Sergio Martínez Esqueda completed this video essay under the supervision of Leigh Singer at the National Film and Television School. First published in Notes on Videographic Criticism on February 19, 2021.

You made nearly all of this video on an iPad, and you show us the iPad interface throughout. Why did you choose an iPad over, say, your desktop, for example? What did the iPad allow you to do with the video that you otherwise could not?
I've always been a big iPad fan. Since the last year, I started to use it as my main computer and my relationship with how I approach my information consumption and work production changed drastically. In contrast to a desktop computer or a laptop, the iPad is much more flexible in terms of easy access to different tools - this is often called productive multi-tasking - and I wanted to do a video essay that reflected that flexibility. It was easy to go for Playtime, as it is one of my favourite films of all time and also because I think it's hilarious how Tati critiqued the use of ridiculous modern gadgets; I felt that doing a video essay about one of the greatest comedies about technology on an iPad was very funny.

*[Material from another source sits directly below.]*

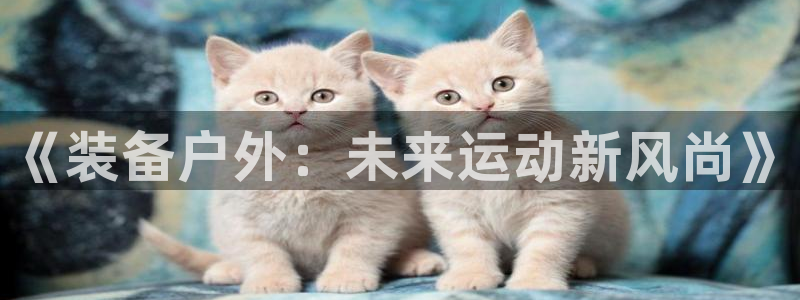 收新宝gg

It's such a great moment when you liken the apartment scene in Playtime to Instagram. The use of the iPad and various apps so clearly invites us to reflect on the film's relationship to today's technology, and in particular the ways in which we "look" at one another online. When did you make this connection between Instagram and Playtime? Did creating the video essay challenge or change your own relationship with technology, and social media in particular?

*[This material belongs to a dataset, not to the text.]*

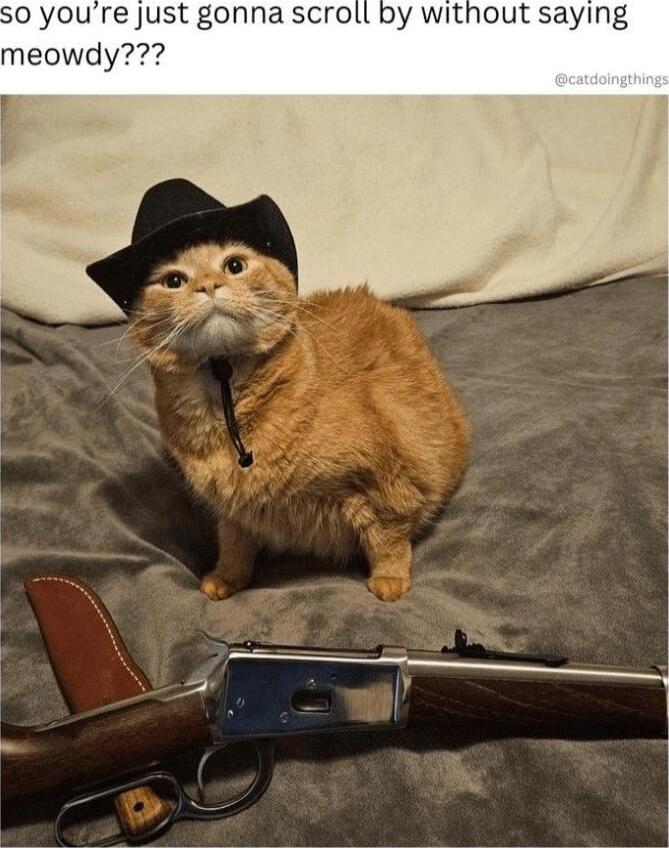 SO youre just gonna sc by without saying meowdy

The connection between Instagram and the window scene in Playtime came almost naturally. I guess looking at many "squares" - the windows - on my iPad, while editing the video essay, felt almost like scrolling down on social media. A similar scene happens in Edward Yang's Yi Yi, where the camera is placed outside apartments buildings and we can through the windows. The feeling Yang and Tati created by doing this, challenges us a viewers, specially now, when the social media removed the curtains of our privacy; and that was a constant question I was asking myself while writing and editing the video essay. 
You talk about (and show us scenes from) creating the video essay in the final video essay. How did the video evolve throughout its creation? What is something you learned about Playtime through the process of creating the video?
At the beginning of the writing process, I was very sure it was going to be much more academic, concerning a concept André Bazin developed called "the democracy of the viewer". Basically, Bazin said that the viewer needed freedom to place his attention to whatever detailed he preferred, without the guiding hand of the director. However, it didn't really worked for me, so I changed my main "reference" from Bazin to "Where's Waldo?". Deciding since the beginning that I was only going to work on my iPad, gave a natural playful approach to the video essay that I wasn't exploring more having an academic approach. So I decided to just have fun and experiment with the different options that the iPad provided.
Playtime is such a rich film. One could watch it hundreds of times and still take away something new each time. I feel the same way about your video essay. For me, one of the most exciting things about videographic criticism is that our own work often teaches us something about our object(s) of study, even weeks, months, and years after we've completed the video essay. Have you found this to be true? What have you learned by watching your own video essay?
I think that is absolutely true. The process, from the research to the editing, is a big learning curve; not just about the film or the themes you are exploring, but also from a personal point of view. I had the great opportunity of watching my and all my classmates' video essays at the cinema at the National Film and Television School. I was so used to watch my video essay from my iPad so when I watched on a big screen, I felt as it was something new. I discovered Tati disguised at the restaurant scene. How could I had totally missed that? When I watched the film many times and did zoom in and out to everyone. I felt very moved because in a way, that was exactly what my video essay was about: exploring films from different screens, and finding something new on a new screen was just a confirmation of that.